Пришла Валя Шарова — сказала об изменении решения: мы с ней идем в лес. До обеда работали в лесу. Тепло одеты с ног до головы, даже лицо все закрыто марлей — оставлены лишь щелки для глаз. Комары — ужасное дело. Они изводят до исступления. На участке в лесу мы работали трое: Андрей Вич, Валя Шарова и я. Мы были в роли учениц. А Андрей — в роли преподавателя. Я тоже научилась спиливать с корня огромные сосны, березы, ольху. Научилась по правилам обрабатывать сучки и распиливать ствол на двухметровые бревна. Хорошо в лесу! Тишина! Спокойствие! Какое величие природы чувствуется во всем! По-своему красив миг падения дерева, когда подпиленное у основания дерево-великан, качнувшись, начинает падать.

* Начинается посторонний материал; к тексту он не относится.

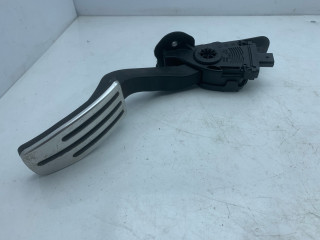 педаль Tesla Model S 1 поколение (2012 - 2016), 0.1 л., электро, АКПП, серый, седан, задний привод, BE5C9F836AA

Вначале оно летит медленно, цепляясь ветками за соседей, затем все быстрее и быстрее, ломая сучья и ветви. И наконец, рушится на землю. Нельзя оторвать глаз от падающего дерева, но болью отзывается треск ломаемых сучков, ветвей, в голову лезут аналогии с жизнью человека, великого и могучего, сильного духом, которого подтачивают мелкие, ничтожные дела и поступки. Великого может погубить слабый! Но первый гибнет, сохраняя величие, гордость.
После обеда, состоявшего из щавелевого супа и овсяной каши с кусочком рыбы, пошли в лес.
17 июня. Снова работа в лесу. Высоченные сосны, березы, ольха падают со скрипом, шелестом листьев, цепляясь за соседей, ломая сучья и ветки свои и чужие.
Бригадиром был Павел Иванович, пожилой, молчаливый рабочий. Он участник войны, потерявший большой палец правой руки в результате ранения.
Из города пришла машина. Среди привезенных писем мне от мамы — ни одного!
18 июня. Опять день работы в лесу. Я устала, но чувство удовлетворения от работы искупает усталость. Обрубала сучья, пилила бревна, носила их к штабелю. Пилить, говорят, со мной еще трудновато. Но я непременно научусь хорошо пилить. За день сложили 9 кубометров (вместо нормы 7,5). Очень тяжело тащить большие бревна к штабелю. Их надо нести на плече или на спине. На руках же очень тяжело. Первые дни, естественно, очень трудно привыкнуть, все болит. Но, конечно, пройдет, ерунда!
19 июня. День работы в лесу. С Валей вдвоем сделали 5 кубометров и на завтра подвалили много берез. Ночью опять масса комаров.
20 июня. Утром три бригады, и нас в том числе, поставили на предпраздничную уборку территории лагеря. Убирали сучки, посыпали дорожки песком, носили воду в баню. После обеда — проливной дождь. Однообразно барабанят падающие капли по крыше палатки.
21 июня. Банный день. Долго ждали воды, пока она нагрелась. Всего часа три нам повезло сидеть там: ведь мы были последней партией! После обеда я рисовала заголовок газеты.
22 июня. Работа в лесу. Нет слов, что работа тяжелая. Но лес, тишина, воздух — чудо!!
23 июня. Работа в лесу. Сам процесс работы складывается так: приходим утром на участок, где уже повалены деревья в предыдущий вечер. Обрубаем сучки, распиливаем на двухметровки. Таскаем на себе каждое полено до штабеля, где укладываем их высотой до 1,1 м. После обеда, когда норма по 2,5 кубометра на человека уже сделана, начинаем спиливать с корня, подготавливая тем самым работу на завтра. Под вечер, уже к концу работы, я тащила к штабелю большое березовое полено. Вдруг очень сильно кольнуло между лопатками. Я бросила бревно, в глазах помутилось. Долго не могла очухаться. Больно дышать, не согнуться.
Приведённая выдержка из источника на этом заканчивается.